PostPosted: Sun Aug 14, 2016 4:05 pm    Post subject: Big Bear's South Shore Trails and Peaks  Reply with quote

Dima and I spent yesterday exploring the forest south of Big Bear Lake.



We left my house a little after 4am and pulled into the Aspen Glen picnic area around 6:30am. We got our stuff together and started up the Pine Knot Trail.



This trail is popular with mountain bikers and is very well maintained. It gently led us upward through a beautiful and tranquil pine forest for 3.25 miles, climbing 900' to Grandview Point.





The view sent our gaze across the expansive Santa Ana River Valley, to the 10k peaks of the San Gorgonio Wilderness. We took a break in some shade and debated whether the view was truly grand. Then we headed off westward along the Skyline Trail to boulder-topped Peak 7949.



This apparently nameless bump has a nice view looking back on Big Bear Lake.



Our next stop was Clarks Summit. Judging by the pictures I took, the most interesting aspect of Clarks was Dima climbing this rock.



A close runner-up are these trail stickers.



During another break in the cool shade, we agreed to pursue Peak 8015' next, via the Bellyache Springs trail.

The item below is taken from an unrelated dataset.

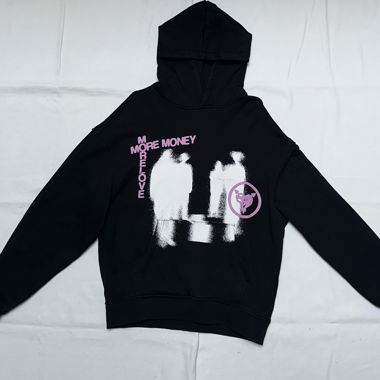 MORE MONEY MORE LOVE Hoodie schwarz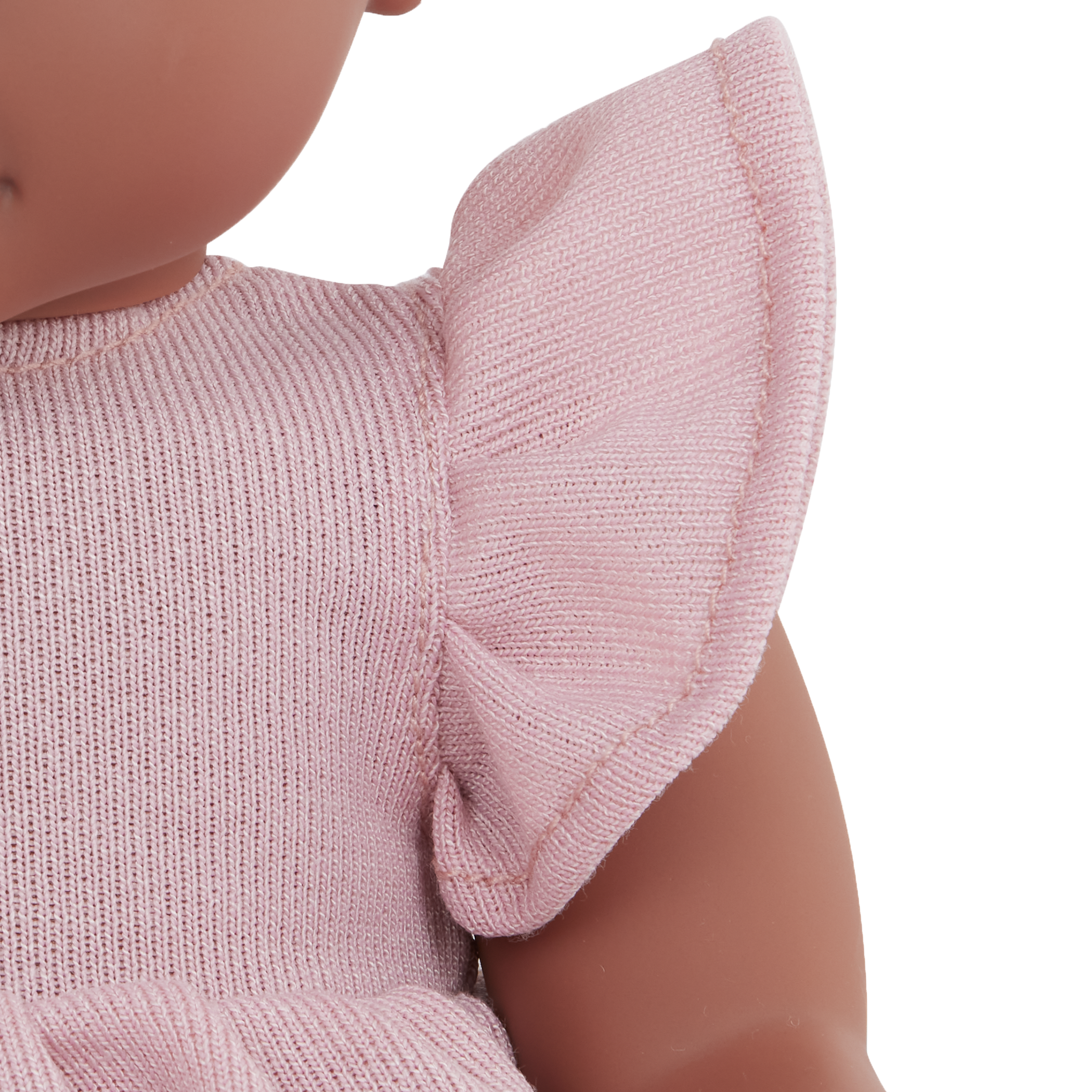 LullaBaby Doll Pink Dress Outfit - Clothes for Baby Dolls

The springs were dry, but plenty of green ferns marked the location.



Here we said farewell to the trail (which continued on to who knows where) and scrambled a quarter-mile upslope to the peak. Naturally we selected a route with some thick bushes.



The summit contained a narrow class 3 block which provided some bonus fun.

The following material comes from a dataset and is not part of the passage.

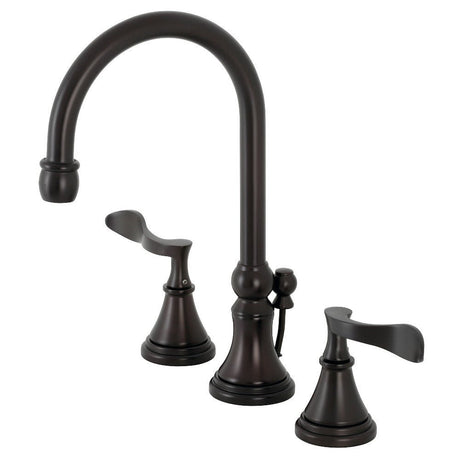 Century Widespread Bathroom Faucet With Brass Pop Up - BUILDMYPLACE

Finally I was feeling some fatigue. It was 12pm. So we ate lunch before starting up again.

The next goal was Lookout Point (7920'), even further west about 1.3 miles from Peak 8015'. We dropped down from the summit and began swinging around the headwall of Deer Creek. Many trees and stumps had been marked with blue paint in this logging area.



We mostly followed rough logging roads to a junction with the Lookout Point Road. Then it was a short scramble to the Point.



Now this was a pretty grand view, enabling us to look fifty miles southwestward to Saddleback.



Next we took the Lookout Point Road north to the Lodgepole Trail, which is named for a popular landmark, the 400-year old Champion Lodgepole Pine.





The tree sits at the heart of a central trail junction along Siberia Creek. A large trunk had been shaped into a chair.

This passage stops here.